Your goal: Output, without alteration, the first line of the entries and each line after it, stopping with the line that contains "Sparkle and Bash".

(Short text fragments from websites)
● ● ● ●

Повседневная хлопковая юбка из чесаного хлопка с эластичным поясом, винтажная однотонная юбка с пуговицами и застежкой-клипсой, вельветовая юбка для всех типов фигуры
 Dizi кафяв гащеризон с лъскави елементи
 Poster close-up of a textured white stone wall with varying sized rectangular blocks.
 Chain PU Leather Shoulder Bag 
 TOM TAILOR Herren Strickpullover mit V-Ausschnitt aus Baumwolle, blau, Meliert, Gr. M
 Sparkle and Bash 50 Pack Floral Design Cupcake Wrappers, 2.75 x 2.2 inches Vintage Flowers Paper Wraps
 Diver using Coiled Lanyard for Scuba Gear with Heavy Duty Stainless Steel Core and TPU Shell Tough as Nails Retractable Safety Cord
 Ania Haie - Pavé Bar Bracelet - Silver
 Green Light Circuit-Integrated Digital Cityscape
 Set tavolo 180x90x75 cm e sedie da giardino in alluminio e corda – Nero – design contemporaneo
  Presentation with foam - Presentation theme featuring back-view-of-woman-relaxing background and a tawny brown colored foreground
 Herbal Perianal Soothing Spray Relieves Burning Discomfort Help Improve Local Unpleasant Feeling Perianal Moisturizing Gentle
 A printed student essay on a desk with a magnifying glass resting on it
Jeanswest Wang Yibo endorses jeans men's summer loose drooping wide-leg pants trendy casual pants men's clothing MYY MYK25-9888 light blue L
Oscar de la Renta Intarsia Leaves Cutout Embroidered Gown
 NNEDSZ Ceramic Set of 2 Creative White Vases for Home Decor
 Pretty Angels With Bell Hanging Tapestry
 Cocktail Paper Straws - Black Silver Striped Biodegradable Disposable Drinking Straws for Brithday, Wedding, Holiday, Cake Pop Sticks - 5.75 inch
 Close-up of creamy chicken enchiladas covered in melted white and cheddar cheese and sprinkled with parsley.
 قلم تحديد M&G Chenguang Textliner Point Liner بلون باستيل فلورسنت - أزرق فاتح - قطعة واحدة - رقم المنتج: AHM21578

● ● ● ●

Your solution:
Повседневная хлопковая юбка из чесаного хлопка с эластичным поясом, винтажная однотонная юбка с пуговицами и застежкой-клипсой, вельветовая юбка для всех типов фигуры
 Dizi кафяв гащеризон с лъскави елементи
 Poster close-up of a textured white stone wall with varying sized rectangular blocks.
 Chain PU Leather Shoulder Bag 
 TOM TAILOR Herren Strickpullover mit V-Ausschnitt aus Baumwolle, blau, Meliert, Gr. M
 Sparkle and Bash 50 Pack Floral Design Cupcake Wrappers, 2.75 x 2.2 inches Vintage Flowers Paper Wraps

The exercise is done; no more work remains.